How Do You Maintain a Tidy House with Kids?
You don’t! Pahahahahha. But seriously, this topic has been quite a challenge for me. Thankfully, I’ve learned some tips over the past 7 years of parenting.
Cleaning your house can seem like such a daunting task.
I read somewhere that a cluttered home leads to a cluttered mind. Clutter bombards our minds with excessive stimuli which distracts us and pulls s away from what our focus should be on. That makes so much sense! Clutter stresses me out and makes me feel like I have ADHD because I’m so over-stimulated with endless to do lists, things to clean, and children asking me for things every 5 seconds.
I wanted to share some tips that have saved my sanity time and time again. Before I start, I want to clarify that I did say tidy, not clean. My home is far from perfect, but I’m not gatekeeping these fabulous tips from you all because they have made a huge difference in my life.
Tips for parents to help keep your home tidy with kids:
1) Declutter: This was SO HARD for me in the beginning. My mind set was that everything has a reason and a purpose. “I can use this one day.” It took me a long time to jump on this band wagon. Even when Marie Kondo on Netflix was popular and everyone was saying “Does this bring you joy?” I was not buying into it.
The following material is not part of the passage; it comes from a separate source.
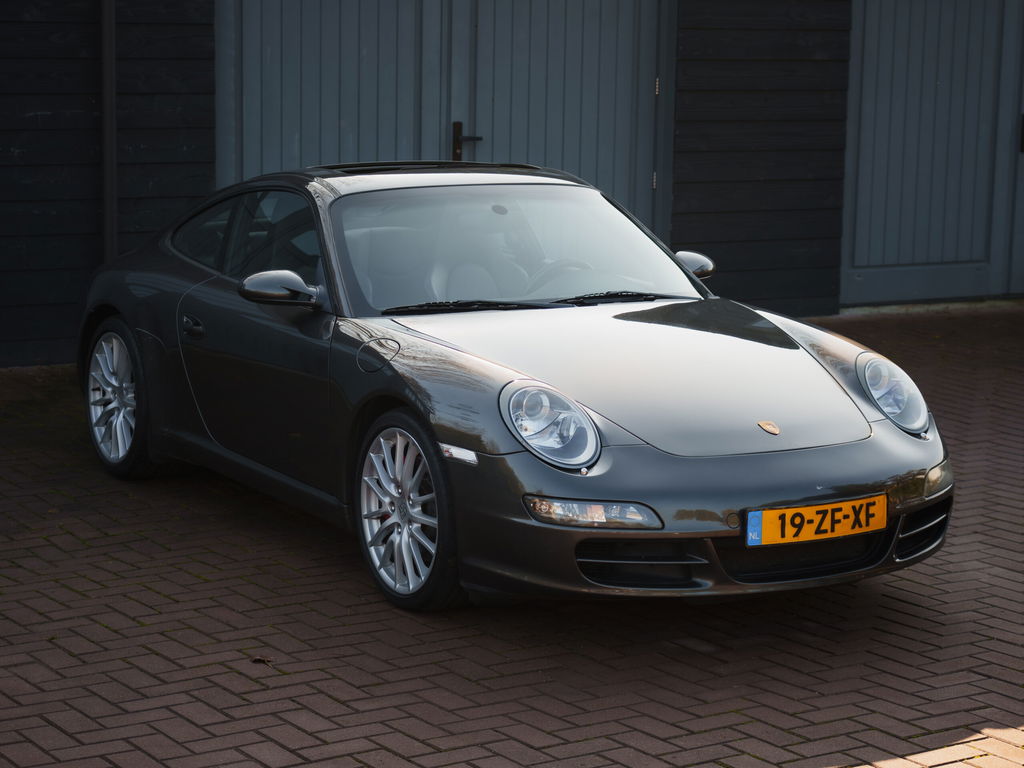 Porsche 997 Carrera S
Let me tell you something. I was wrong. Decluttering is SOO FREEING. I have been having these “nesting” episodes at least once a month where I start making piles such as “good will,” “give to a friend,” “bring it to work,” and “throw it away.” This has helped me TREMENDOUSLY and I cannot recommend decluttering enough. It really helps to stay organized, decrease stress, and increase happiness in my opinion. Even my husband gets excited when I go into my decluttering mode.
2) Limit What you Bring In: This speaks for itself, but it’s an important factor in order to prevent the clutter.
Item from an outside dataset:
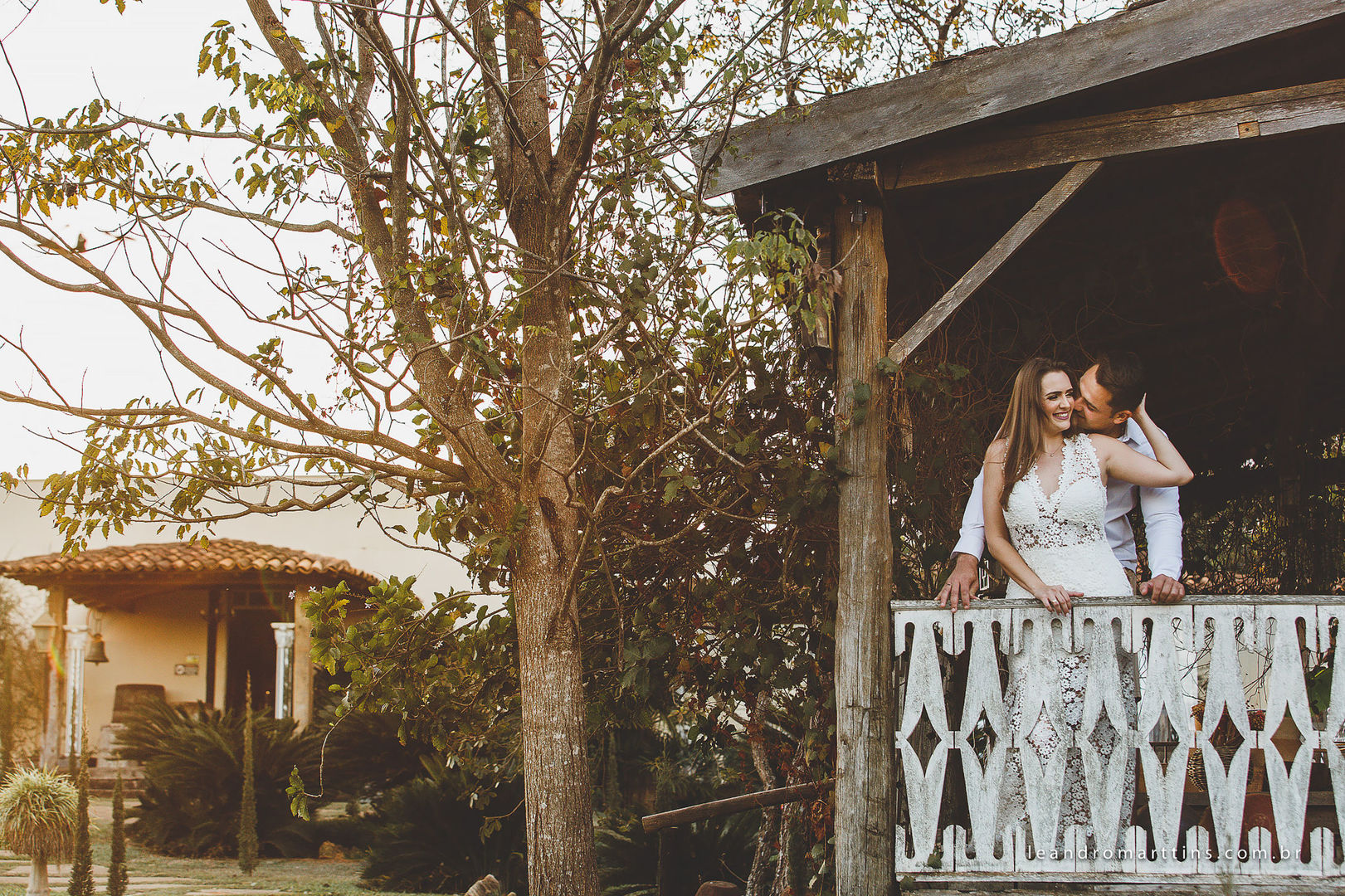 Pré Wedding no Clever Casado em Balsamo da Ana Carolina e Anderson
3) Discard & File Children’s Art: Now, I’ll probably get some push back on this one, but you don’t have to keep every single scribble that your toddler draws on. I did as a new mom of course, which had me drowning in artwork. Now, I have a container for each child with a folder for each age/grade. I keep the most important items in this bin for each year. Sometimes we display things art but often it goes straight into the bin. This has been a huge mom hack for me for sure. You can find these types at Office Depot, Target, Walmart, and more.
4) Keep Those Kids Outside! I have two young boys, ages six and three. My kids are wild and they make a mess. One solution is to keep them outside. Let them play in the sand, swing on the swings, play kickball and catch, etc. When we are outside, the kids are free to be wild, we are keeping them away from screens, they are getting their energy out, and they are not making my house a mess.
5) The Bin Method: I’ve seen other people do this really well. They switch out toys once a month or however often to keep the children interested. This also prevents the overwhelm of too many toys for their little brains and helpful for momma too.
Tips to get the kids to tidy up:
1) Routine: I highly recommend a morning routine and a bedtime routine. They work. For example, if you randomly ask a child to clean their room, they may say “aw, I don’t want to.” However, if the child cleans their room every night before bed, then it’s just a habit. It’s a routine that is not a big deal or a fight. Maybe an order child cleans their room on Friday afternoons because they know they have to clean their room before going to a friend’s house. This is also a part of setting expectations. We don’t always follow a routine, but our life is so much smoother when we do.
2) Visual Schedule: My children thrive on a visual schedule. It includes basic tasks such as homework, play outside, dinner, baths, read, brush teeth, bed. We look at the schedule to see what we have completed and if we forgot anything or what comes next. This creates the idea that these are the rules and it decreases the frustration and battle of I don’t want to do it. It also decreases Mommy having to repeat herself a million times. This can be interactive where they help decide the routine and velcro the pieces on. Visual schedules can be found on Amazon here. Or you can just print it out at home and make one with cardboard, scissors, paper, and Velcro/tape.
3) Ask Nicely: When my three year old was two, he was in the no phase. It was an automatic no without even processing the question. He’s learning that he has rights and feelings and emotions that matter and he has some control over what he wants to do. If I look him in the eyes and ask nicely with my sweet eyes, then he smiles and says ‘oh, yes!’ and proceeds to do the task that I have asked of him. When that doesn’t work, I make it fun with intonation and excitement in my voice. Instead of “let’s go take a bath,” I might say “Let’s go play car wash in the tub. We’re going to clean our cars and clean our bodies.”
4) Beat the Clock: Before baths, try the beat the clock game to see if we can clean up our toys in a set amount of time to get a sticker. Some people say a minute per year of life. So a 3 year old could have a 3 minute timer.
5) Clean up Prize: Of course you can do sticker charts or rewards, however, there is a unique twist to this game. Mom picks a specific toy. Whoever picks up that specific toy is the winner. This puts a fun spin on clean up time.